O ministro Celso de Mello, do Supremo Tribunal Federal
(STF), arquivou nesta segunda-feira (1°) o pedido de partidos para que fossem
apreendidos celulares do presidente Jair Bolsonaro e do filho, o vereador
Carlos Bolsonaro (Republicanos-RJ).
O procurador-geral da República, Augusto Aras, já havia se
manifestado no STF contra a apreensão dos aparelhos.
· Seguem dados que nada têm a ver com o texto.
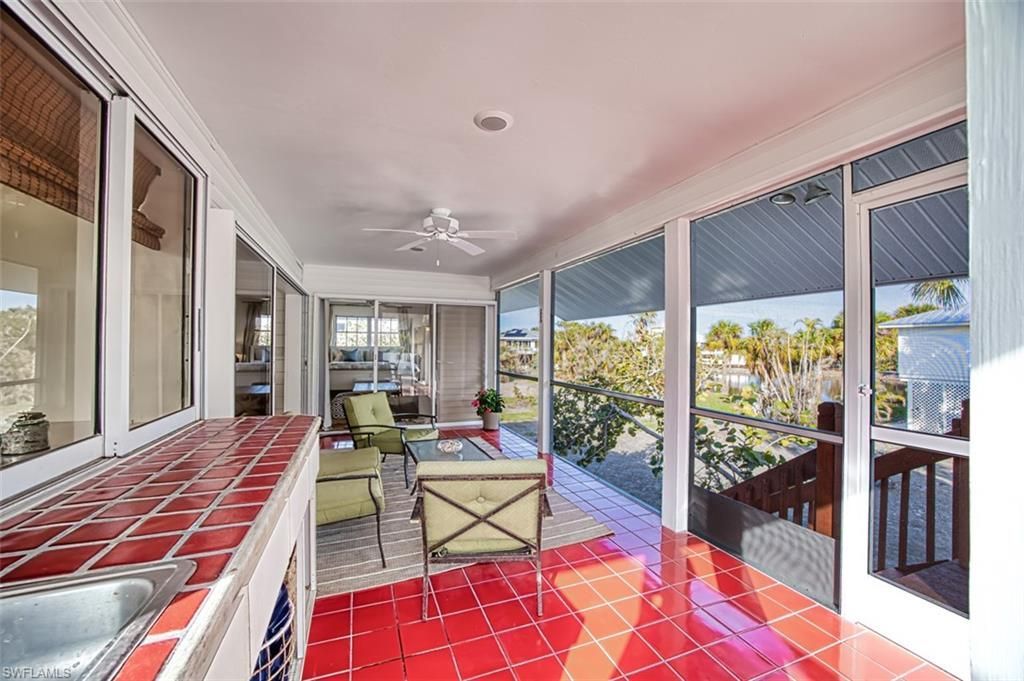 220 Palm Lake Dr , Sanibel, FL 33957 Photo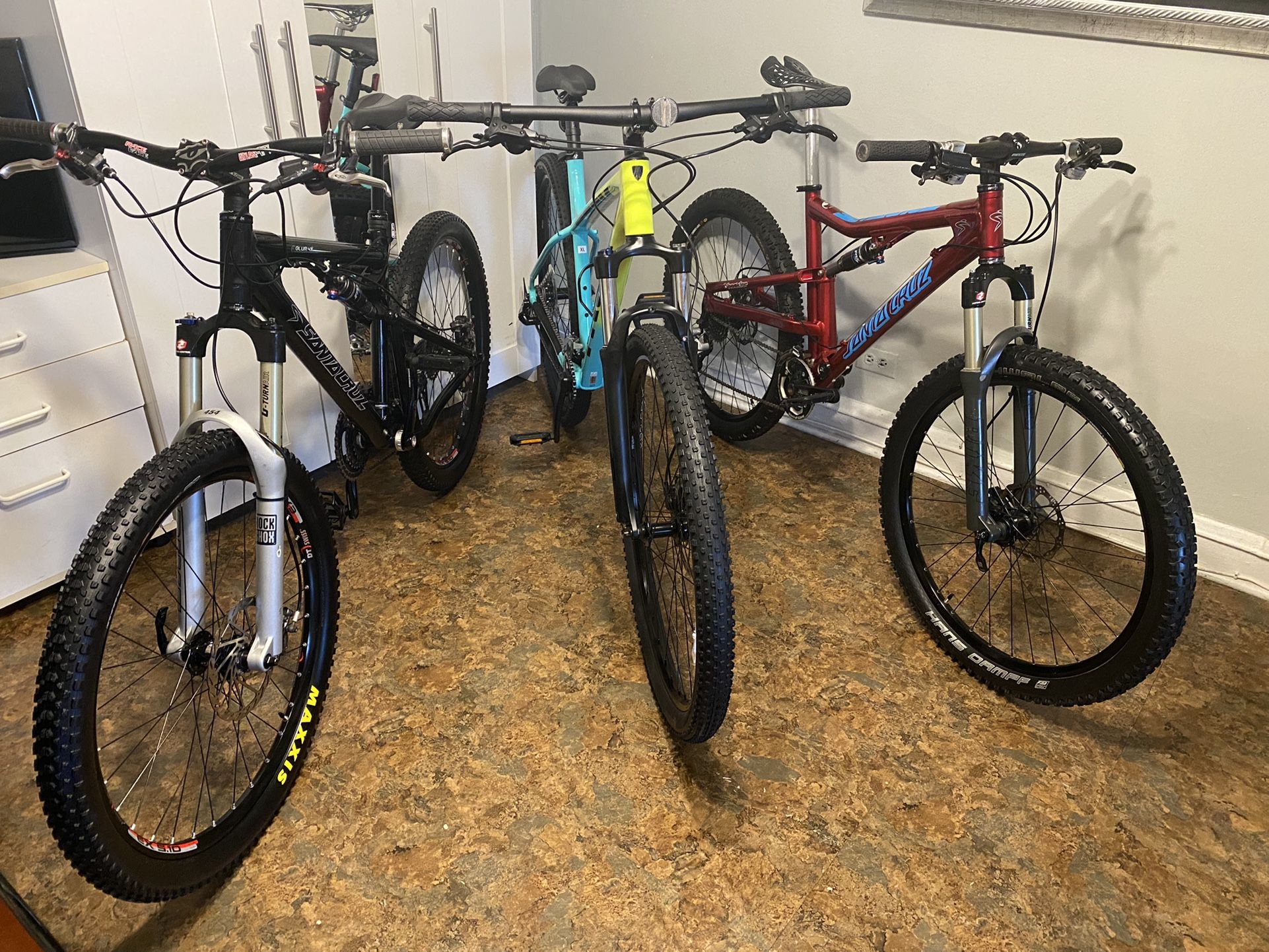 2 Mountain Bikes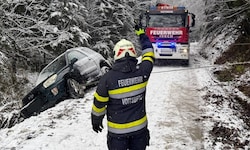 In Voitsberg musste die Feuerwehr am Heiligen Abend unter anderem diesen Pkw aus dem ...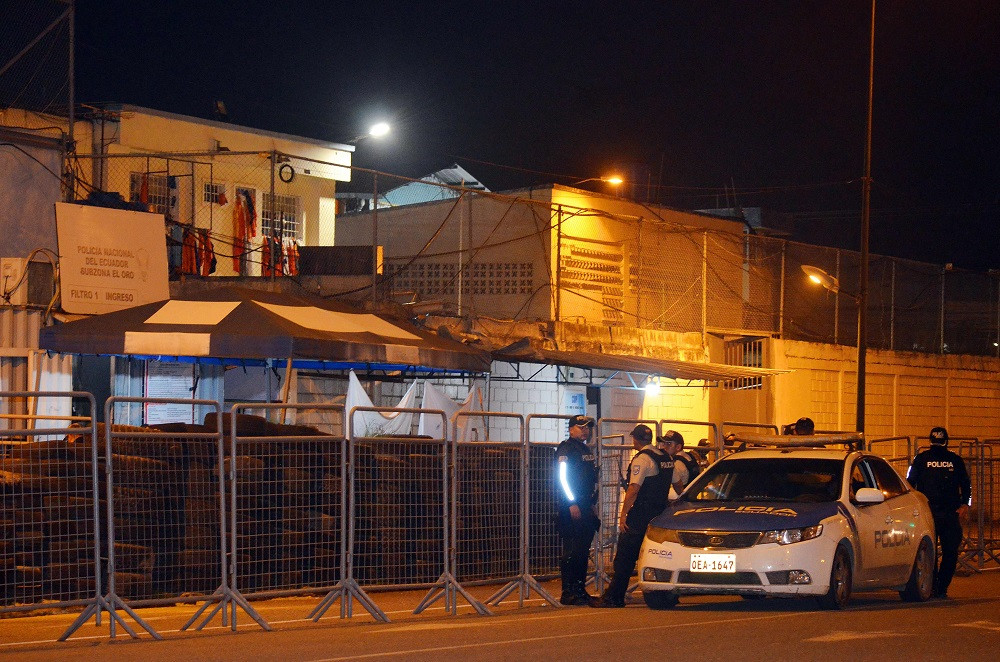 Authorities say 31 died in Ecuador prison, many asphyxiated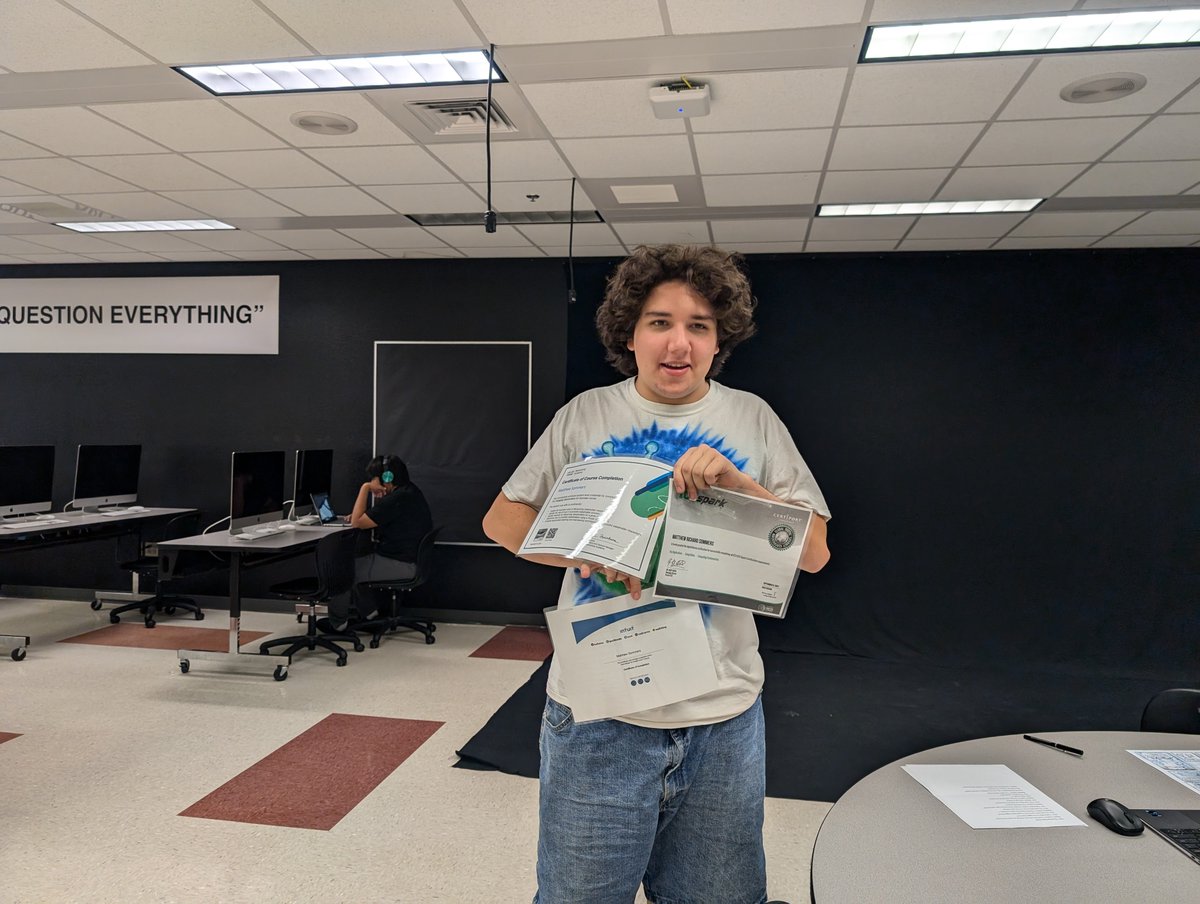 iTech_InfoTech's tweet image. File this under &quot;Oh poor me, I accomplished so much in the first three weeks, I can&apos;t hold all my certificates...&quot;

@iTECH_College
#HandsOnTraining #LearnITatiTECH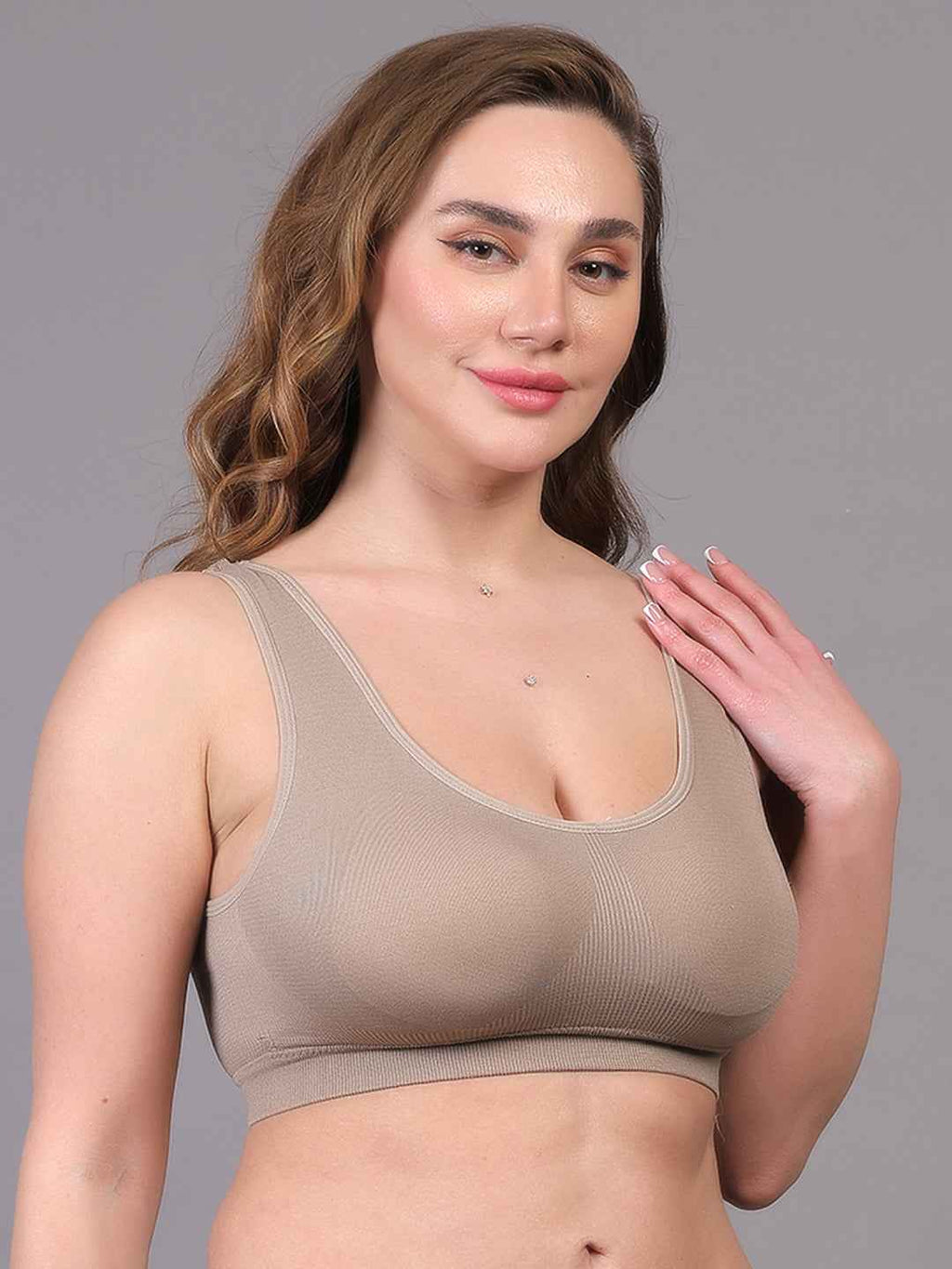 Women Full Coverage Non Wired Lightly Padded Sports Workout Bra (Copy)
Aras entendeu que, como a
investigação é competência do MPF, não cabe intervenção de terceiros no
processo, como no caso de partidos e parlamentares.
Na decisão, o decano do STF fez questão de reafirmar a
posição da Corte “neste singular momento em que o Brasil enfrenta gravíssimos
desafios”.
“Torna-se essencial reafirmar, desde logo, neste singular
momento em que o Brasil enfrenta gravíssimos desafios, que o Supremo Tribunal Federal,
atento à sua alta responsabilidade institucional, não transigirá nem renunciará
ao desempenho isento e impessoal da jurisdição, fazendo sempre prevalecer os
valores fundantes da ordem democrática e prestando incondicional reverência ao
primado da Constituição, ao império das leis e à superioridade
político-jurídica das ideias que informam e que animam o espírito da
República”, disse Celso de Mello.
Pedido e reação do
governo
Os pedidos tinham sido feitos pelo PDT, PSB e PV e também
eram direcionados ao ex-ministro Sérgio Moro; ao ex-diretor-geral da PF,
Maurício Valeixo; e à deputada Carla Zambelli. A intenção era realizar novas
diligências como desdobramentos da investigação sobre a suposta interferência
do presidente Jair Bolsonaro na Polícia Federal (PF).
O ministro do STF tinha enviado os pedidos dos partidos à
Procuradoria-Geral da República no último dia 22. A medida, que é praxe e está
nas regras internas da Corte, provocou reação do ministro-chefe do Gabinete de
Segurança Institucional, general Augusto Heleno.
Em nota, Heleno afirmou que uma eventual decisão favorável à
apreensão dos celular do presidente poderia ter “consequências imprevisíveis”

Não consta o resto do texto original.